Cash-strapped nurseries are struggling with growing deficits following the introduction of the 30-hour free childcare policy, a survey has suggested.
Under a Government scheme rolled out last autumn, three and four-year-olds in England with working parents are entitled to this amount of free care.
But a report by the National Day Nurseries Association (NDNA) said the scheme is causing a "huge challenge" for nurseries, leaving them with rising business costs.
The organisation surveyed 709 nurseries in England, and found nearly one in five (19%) expected to make a loss.
Figures also showed that nursery closures had increased by 47% since the scheme began, the report said.
Purnima Tanuku, chief executive of the NDNA, said: "It's about time Government woke up to the full cost of delivering their 30 hours 'free' childcare policy.
"Nurseries are forced to alter the way they deliver funded hours, by restricting the amount of places they offer, holding back from hiring highly qualified staff or charging parents for extras to make up the funding shortfall. Neither parents nor nurseries want this to happen.
"Doubling the amount of funded childcare from 15 hours to 30 has more than doubled nurseries' average annual shortfall which, coupled with late payments from local authorities, is seriously undermining their cash flows."
The Department for Education noted that the poll was based on a small number of the 45,000 childcare providers in England, and said its own research showed 80% were willing and able to offer places under the scheme.
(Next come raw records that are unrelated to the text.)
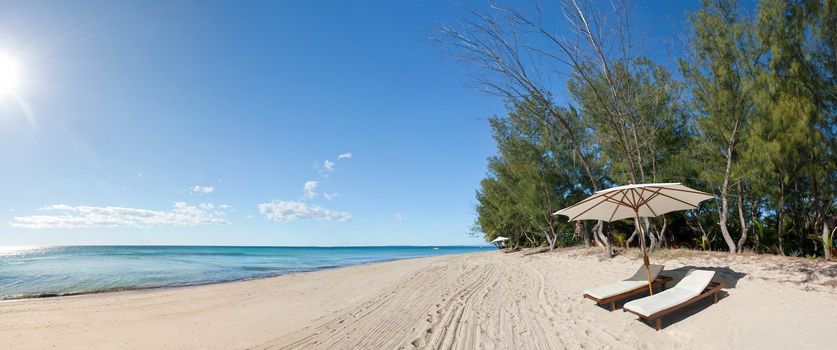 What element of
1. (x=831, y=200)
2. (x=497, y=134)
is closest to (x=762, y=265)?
(x=831, y=200)

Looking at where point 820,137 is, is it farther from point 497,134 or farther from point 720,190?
point 497,134

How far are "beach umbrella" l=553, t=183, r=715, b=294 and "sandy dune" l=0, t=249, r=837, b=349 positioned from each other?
1610 millimetres

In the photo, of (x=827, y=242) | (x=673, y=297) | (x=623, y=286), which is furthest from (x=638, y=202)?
(x=827, y=242)

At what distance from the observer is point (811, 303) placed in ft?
18.4

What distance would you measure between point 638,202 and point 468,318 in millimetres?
4360

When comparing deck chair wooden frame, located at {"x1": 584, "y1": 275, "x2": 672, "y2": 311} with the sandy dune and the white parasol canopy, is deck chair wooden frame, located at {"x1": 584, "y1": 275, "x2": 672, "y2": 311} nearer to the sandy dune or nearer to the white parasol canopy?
the sandy dune

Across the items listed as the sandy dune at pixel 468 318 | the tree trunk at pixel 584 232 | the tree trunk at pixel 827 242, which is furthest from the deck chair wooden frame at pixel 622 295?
the tree trunk at pixel 584 232

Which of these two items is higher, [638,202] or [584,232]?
[638,202]

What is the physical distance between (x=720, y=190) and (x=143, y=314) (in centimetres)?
1724

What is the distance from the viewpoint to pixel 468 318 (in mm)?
6215

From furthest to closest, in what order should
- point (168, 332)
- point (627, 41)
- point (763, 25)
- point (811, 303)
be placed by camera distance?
point (763, 25) → point (627, 41) → point (168, 332) → point (811, 303)

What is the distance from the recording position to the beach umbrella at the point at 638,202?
6.84 m

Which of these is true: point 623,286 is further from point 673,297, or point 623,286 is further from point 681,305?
point 681,305

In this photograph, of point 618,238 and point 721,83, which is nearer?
point 721,83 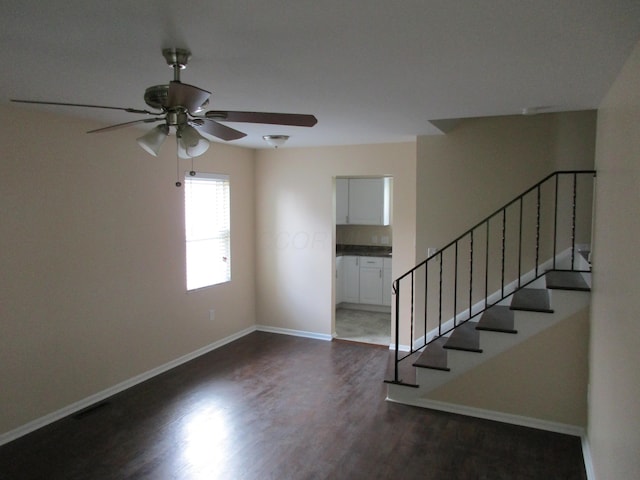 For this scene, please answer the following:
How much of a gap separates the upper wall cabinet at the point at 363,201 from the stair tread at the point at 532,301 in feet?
10.8

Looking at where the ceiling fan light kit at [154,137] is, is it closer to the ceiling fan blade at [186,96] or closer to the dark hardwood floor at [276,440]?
the ceiling fan blade at [186,96]

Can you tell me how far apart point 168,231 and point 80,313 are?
122cm

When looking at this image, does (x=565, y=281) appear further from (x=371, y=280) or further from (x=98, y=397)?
(x=98, y=397)

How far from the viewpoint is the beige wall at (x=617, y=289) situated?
76.1 inches

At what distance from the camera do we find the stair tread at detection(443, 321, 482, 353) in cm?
374

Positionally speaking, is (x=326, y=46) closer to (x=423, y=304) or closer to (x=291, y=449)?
(x=291, y=449)

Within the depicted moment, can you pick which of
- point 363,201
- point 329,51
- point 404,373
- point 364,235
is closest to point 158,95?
point 329,51

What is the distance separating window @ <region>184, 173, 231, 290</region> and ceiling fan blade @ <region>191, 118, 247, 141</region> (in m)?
2.44

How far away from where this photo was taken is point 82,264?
3879mm

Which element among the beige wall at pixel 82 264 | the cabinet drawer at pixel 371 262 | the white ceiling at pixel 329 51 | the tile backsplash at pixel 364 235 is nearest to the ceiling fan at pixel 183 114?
the white ceiling at pixel 329 51

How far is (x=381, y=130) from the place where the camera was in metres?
4.45

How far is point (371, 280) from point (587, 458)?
4.33m

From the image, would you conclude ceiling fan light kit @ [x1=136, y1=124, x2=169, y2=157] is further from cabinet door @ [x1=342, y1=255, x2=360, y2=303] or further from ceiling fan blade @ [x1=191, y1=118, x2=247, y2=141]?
cabinet door @ [x1=342, y1=255, x2=360, y2=303]

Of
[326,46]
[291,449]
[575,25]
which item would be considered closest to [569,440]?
[291,449] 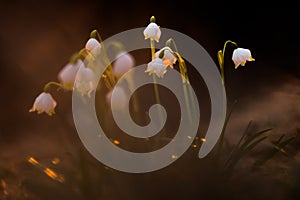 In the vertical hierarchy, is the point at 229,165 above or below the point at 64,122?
below

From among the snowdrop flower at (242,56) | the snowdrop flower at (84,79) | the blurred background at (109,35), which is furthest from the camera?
the blurred background at (109,35)

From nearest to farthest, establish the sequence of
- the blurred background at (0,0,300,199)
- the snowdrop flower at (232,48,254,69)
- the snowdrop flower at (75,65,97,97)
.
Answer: the snowdrop flower at (75,65,97,97) < the snowdrop flower at (232,48,254,69) < the blurred background at (0,0,300,199)

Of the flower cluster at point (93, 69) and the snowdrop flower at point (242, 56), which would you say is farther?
the snowdrop flower at point (242, 56)

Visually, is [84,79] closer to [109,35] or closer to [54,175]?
[54,175]

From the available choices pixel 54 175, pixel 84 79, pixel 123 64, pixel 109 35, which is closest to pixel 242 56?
pixel 123 64

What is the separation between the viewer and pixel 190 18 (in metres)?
1.84

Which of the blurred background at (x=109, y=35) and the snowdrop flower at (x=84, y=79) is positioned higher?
the blurred background at (x=109, y=35)

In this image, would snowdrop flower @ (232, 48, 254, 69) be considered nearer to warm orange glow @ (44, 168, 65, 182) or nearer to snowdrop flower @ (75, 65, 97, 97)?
snowdrop flower @ (75, 65, 97, 97)

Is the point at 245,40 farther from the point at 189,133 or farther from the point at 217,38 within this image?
the point at 189,133

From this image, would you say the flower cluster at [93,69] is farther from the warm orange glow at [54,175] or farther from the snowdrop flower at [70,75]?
the warm orange glow at [54,175]

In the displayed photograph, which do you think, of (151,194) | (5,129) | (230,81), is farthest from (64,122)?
(230,81)

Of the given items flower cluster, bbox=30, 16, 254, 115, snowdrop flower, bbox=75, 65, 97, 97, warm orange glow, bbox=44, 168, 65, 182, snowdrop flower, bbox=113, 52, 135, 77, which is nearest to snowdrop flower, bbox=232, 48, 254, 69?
flower cluster, bbox=30, 16, 254, 115

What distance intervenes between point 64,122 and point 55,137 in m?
0.43

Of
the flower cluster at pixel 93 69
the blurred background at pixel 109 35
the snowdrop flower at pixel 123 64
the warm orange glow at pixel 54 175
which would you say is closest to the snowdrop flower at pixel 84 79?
the flower cluster at pixel 93 69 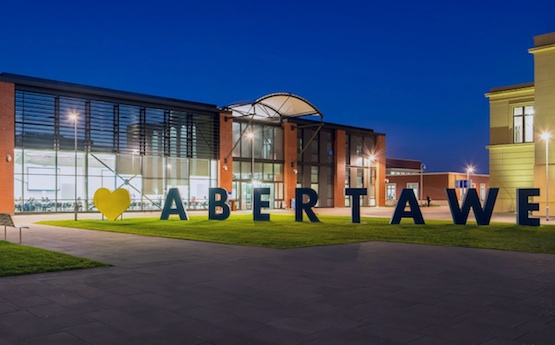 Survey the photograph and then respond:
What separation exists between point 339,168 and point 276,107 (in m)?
14.3

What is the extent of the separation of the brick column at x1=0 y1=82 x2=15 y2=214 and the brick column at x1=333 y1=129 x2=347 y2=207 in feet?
113

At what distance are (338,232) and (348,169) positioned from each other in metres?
39.0

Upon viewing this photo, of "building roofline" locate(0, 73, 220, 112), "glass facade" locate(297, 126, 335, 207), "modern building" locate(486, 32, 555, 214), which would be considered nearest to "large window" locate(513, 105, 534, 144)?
"modern building" locate(486, 32, 555, 214)

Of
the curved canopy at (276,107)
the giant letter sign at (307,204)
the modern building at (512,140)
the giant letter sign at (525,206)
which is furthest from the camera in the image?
the curved canopy at (276,107)

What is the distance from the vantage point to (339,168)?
58.7 metres

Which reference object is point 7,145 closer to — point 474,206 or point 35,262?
point 35,262

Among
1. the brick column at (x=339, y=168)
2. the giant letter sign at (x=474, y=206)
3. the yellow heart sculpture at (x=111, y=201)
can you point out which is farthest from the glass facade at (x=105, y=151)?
the giant letter sign at (x=474, y=206)

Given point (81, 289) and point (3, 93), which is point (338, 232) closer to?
point (81, 289)

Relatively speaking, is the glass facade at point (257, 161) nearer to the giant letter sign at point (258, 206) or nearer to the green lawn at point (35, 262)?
the giant letter sign at point (258, 206)

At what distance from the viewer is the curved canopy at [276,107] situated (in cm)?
4459

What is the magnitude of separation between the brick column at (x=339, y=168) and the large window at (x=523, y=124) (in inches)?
790

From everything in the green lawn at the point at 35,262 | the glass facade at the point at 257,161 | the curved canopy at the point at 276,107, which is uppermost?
the curved canopy at the point at 276,107

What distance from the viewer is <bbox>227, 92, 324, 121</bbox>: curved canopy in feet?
146

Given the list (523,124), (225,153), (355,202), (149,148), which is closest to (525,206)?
(355,202) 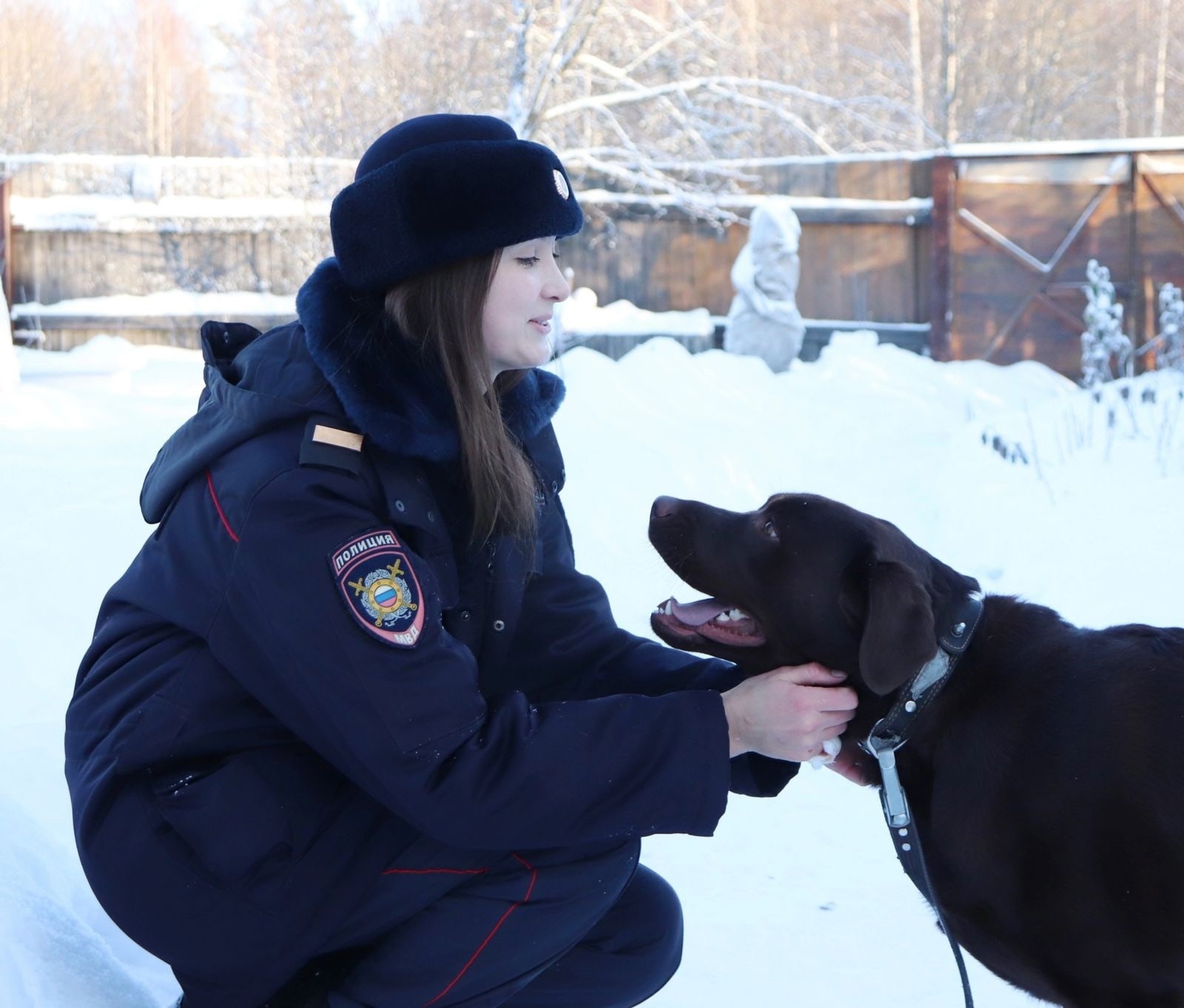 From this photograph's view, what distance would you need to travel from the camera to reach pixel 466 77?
11.2 metres

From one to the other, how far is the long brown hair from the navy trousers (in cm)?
52

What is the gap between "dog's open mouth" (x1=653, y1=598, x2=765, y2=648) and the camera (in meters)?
2.17

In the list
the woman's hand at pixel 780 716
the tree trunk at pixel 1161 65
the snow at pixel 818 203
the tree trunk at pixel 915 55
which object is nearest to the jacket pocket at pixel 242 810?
the woman's hand at pixel 780 716

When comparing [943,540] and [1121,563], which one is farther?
[943,540]

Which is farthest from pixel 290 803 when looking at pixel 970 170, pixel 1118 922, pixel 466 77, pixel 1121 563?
pixel 970 170

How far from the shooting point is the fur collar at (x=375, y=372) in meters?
1.81

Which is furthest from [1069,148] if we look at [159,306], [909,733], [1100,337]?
[909,733]

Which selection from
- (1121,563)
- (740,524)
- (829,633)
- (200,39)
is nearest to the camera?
(829,633)

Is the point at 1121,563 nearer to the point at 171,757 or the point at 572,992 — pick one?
the point at 572,992

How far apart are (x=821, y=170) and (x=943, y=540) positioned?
939 cm

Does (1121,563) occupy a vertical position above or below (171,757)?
below

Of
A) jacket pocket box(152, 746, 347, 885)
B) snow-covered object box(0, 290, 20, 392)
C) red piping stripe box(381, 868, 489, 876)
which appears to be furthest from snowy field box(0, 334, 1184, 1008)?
red piping stripe box(381, 868, 489, 876)

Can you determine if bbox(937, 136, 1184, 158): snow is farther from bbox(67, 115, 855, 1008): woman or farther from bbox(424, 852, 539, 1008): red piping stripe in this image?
bbox(424, 852, 539, 1008): red piping stripe

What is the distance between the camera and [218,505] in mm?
1768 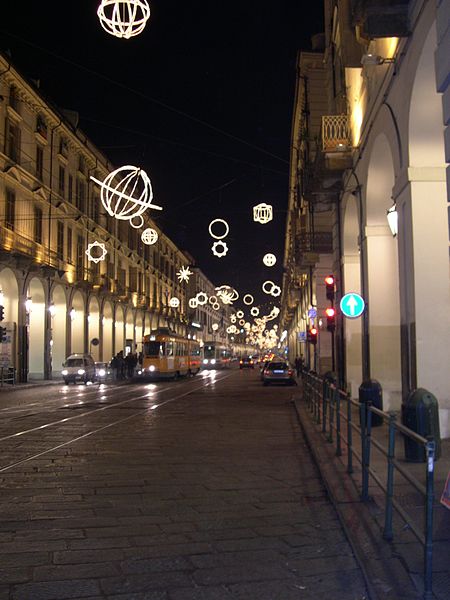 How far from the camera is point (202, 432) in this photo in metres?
13.9

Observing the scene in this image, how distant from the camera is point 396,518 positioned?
6.15m

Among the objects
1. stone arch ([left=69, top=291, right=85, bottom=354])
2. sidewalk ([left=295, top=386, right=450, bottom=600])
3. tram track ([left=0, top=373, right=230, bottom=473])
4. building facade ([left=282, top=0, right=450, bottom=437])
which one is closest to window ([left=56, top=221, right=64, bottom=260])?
stone arch ([left=69, top=291, right=85, bottom=354])

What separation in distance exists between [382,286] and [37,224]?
25723mm

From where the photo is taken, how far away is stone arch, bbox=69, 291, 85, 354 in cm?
4416

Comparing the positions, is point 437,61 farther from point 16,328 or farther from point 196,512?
point 16,328

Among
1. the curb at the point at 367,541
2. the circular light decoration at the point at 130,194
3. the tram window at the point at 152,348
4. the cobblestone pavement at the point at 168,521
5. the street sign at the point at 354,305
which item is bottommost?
the cobblestone pavement at the point at 168,521

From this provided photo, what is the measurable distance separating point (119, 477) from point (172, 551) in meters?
3.42

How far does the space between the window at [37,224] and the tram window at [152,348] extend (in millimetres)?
9239

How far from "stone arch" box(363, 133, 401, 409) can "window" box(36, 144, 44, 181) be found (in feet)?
84.6

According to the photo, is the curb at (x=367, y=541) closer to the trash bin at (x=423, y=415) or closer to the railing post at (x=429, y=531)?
the railing post at (x=429, y=531)

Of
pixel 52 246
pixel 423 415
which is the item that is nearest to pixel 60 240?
pixel 52 246

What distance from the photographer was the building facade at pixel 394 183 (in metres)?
10.7

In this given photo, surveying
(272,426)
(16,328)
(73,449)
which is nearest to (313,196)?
(272,426)

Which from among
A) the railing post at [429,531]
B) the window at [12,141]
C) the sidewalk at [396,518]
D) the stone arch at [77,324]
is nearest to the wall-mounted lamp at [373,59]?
the sidewalk at [396,518] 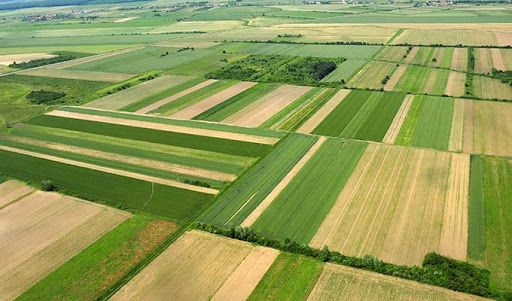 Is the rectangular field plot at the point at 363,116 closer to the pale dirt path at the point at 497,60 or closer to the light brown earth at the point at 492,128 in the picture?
the light brown earth at the point at 492,128

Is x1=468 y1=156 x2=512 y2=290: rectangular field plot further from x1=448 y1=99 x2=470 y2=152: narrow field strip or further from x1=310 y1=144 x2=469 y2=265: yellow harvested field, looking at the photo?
x1=448 y1=99 x2=470 y2=152: narrow field strip

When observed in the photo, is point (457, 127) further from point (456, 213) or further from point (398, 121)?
point (456, 213)

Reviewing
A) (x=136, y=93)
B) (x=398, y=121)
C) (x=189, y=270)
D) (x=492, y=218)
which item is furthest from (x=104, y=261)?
(x=136, y=93)

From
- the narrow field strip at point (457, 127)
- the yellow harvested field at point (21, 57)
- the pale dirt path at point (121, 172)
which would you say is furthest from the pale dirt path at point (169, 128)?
the yellow harvested field at point (21, 57)

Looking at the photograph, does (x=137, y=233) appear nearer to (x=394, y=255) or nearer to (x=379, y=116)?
(x=394, y=255)

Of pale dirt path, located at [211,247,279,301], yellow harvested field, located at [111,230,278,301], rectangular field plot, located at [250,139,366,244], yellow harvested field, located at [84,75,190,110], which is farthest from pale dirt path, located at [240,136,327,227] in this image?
→ yellow harvested field, located at [84,75,190,110]

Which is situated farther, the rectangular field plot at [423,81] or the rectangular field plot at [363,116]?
the rectangular field plot at [423,81] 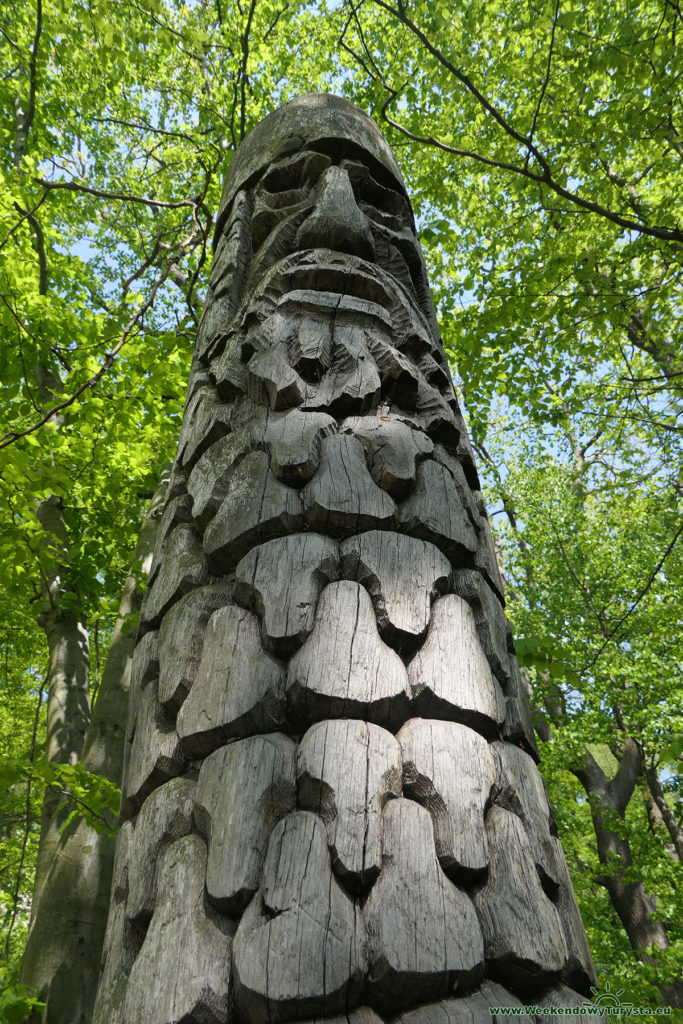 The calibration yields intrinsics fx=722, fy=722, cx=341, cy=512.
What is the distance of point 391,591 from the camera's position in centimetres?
171

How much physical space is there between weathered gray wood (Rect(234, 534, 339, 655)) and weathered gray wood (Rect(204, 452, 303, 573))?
0.06 metres

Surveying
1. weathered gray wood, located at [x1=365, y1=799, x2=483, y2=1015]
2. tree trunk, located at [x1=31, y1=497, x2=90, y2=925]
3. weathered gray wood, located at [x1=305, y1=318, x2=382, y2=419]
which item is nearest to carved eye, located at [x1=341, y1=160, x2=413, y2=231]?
weathered gray wood, located at [x1=305, y1=318, x2=382, y2=419]

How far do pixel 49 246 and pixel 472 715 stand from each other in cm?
744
According to the NDNA, the gap between the cost of delivering the free childcare and the funding nurseries receive from local authorities has risen to an average of £2,166 per year per child.
A third of respondents said they were having to limit the number of funded places, the report added, while 71% planned to increase their fees to reduce the shortfall.
Describing it as a "terrible state of affairs", Ms Tanuku added: "By not adequately funding this policy, Government is putting children's life chances at risk.
"The Government must act now."
Children and Families Minister Nadhim Zahawi said the 30-hour free childcare policy was benefiting almost 300,000 children.
He said: "That means thousands of hard-working parents are saving an average of £5,000 a year on childcare.
"Our research has shown that more than 80% of providers are willing and able to offer places under this programme, with a third saying that had managed to increase the number of places available and 40% able to increase staffing hours."